What comes into play with a musician, a song-writer, a business owner, an artist, a wife, a husband, and I could go on forever with the list, is Originality.  The only thing we can ever bring to her table is our own originality, and, in doing so, we can change everything.  For example……..there is a clever, gifted, silversmith, young, newly graduated and about to hit the world.  No experience of anything to do with street wisdom beyond the decision not to go out alone at 4 am in a lycra bodysuit and 6 inch heels through a dodgy part of town. He, or she has this talent, this achievement, but has little or no idea how to walk it out in a way that will guarantee success and profit, long term.  It is all down to the self in this, the Originality and, most importantly, whether we honour that and use it, or not.  We all have it.  We don’t all use it.

Hmmmmmm.

If we listen only to the facts, that tell us there is a finite number of chords, of keys, of chord progressions, of dance moves, of colours mixed, of lives lived, then we might just keel over right now.  But we don’t do that.  We go on, believing, albeit very privately, that we just might have that something that changes everything.  But now we have another problem.  We watch television and movies and we set ourselves lower than we should as a result.  Every story is glamourised and idealised to the point of impossibleness.  How can we ever match up?  We don’t look like this star or that, with their perfect body parts, tans, choices, homes and luck.

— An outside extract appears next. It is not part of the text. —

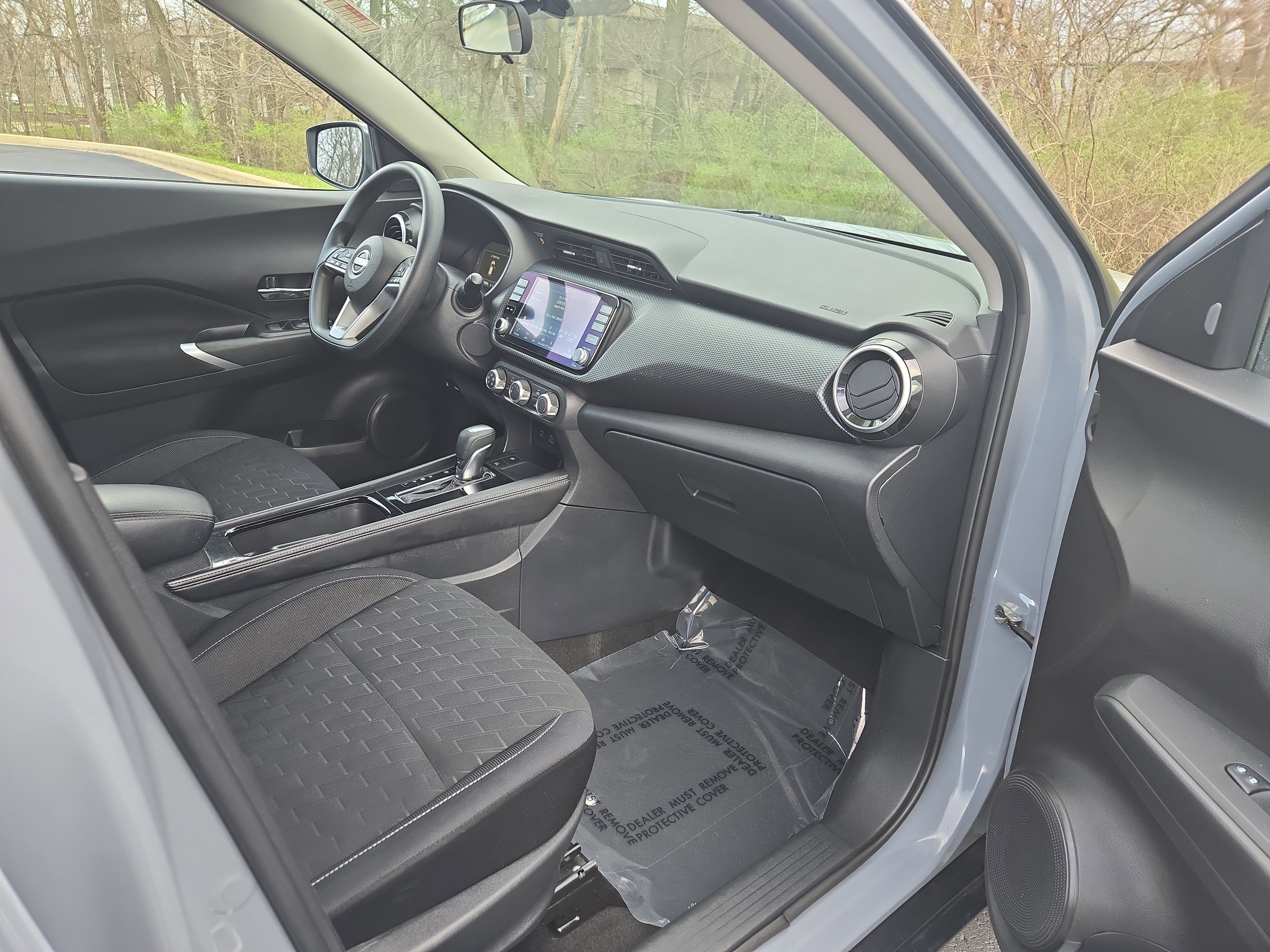 Used 2023 Nissan Kicks SV image 19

To stick with something, in the inglorious (second meaning in the dictionnary) hours, when nobody is clapping or even watching, and to keep going…… now that is Originality. To work consistently, through the cold and the wet, to resist the naysayers who question our sanity and who come, like greeks bearing gifts, of trojan horses, of quick fixes, of a quicker route to the treasure chest, to make ourselves go on, following our own heart belief…..this is Originality.

To give up in the face of the inner voice that keeps asking……Who are you to think you can rise up to meet your dream? leads only one way.  Every single time.

Don’t listen, don’t watch, don’t falter.  Originality has chords and notes and moves and moments that build into something that, one day, people will revere.  Our job may be menial.  Our home may be simple.  Our life, ordinary.  But, wait a minute, this is all of us.  Those who appear to have it all are just like us.  We all have in our hands, whatever our situation, that chance to change everything. We just have to rack up and dust off and step up.We need to say Here I am, and not There I was.

Not one of us is perfectly formed, according to the world.

And yet, every one of us is exactly that.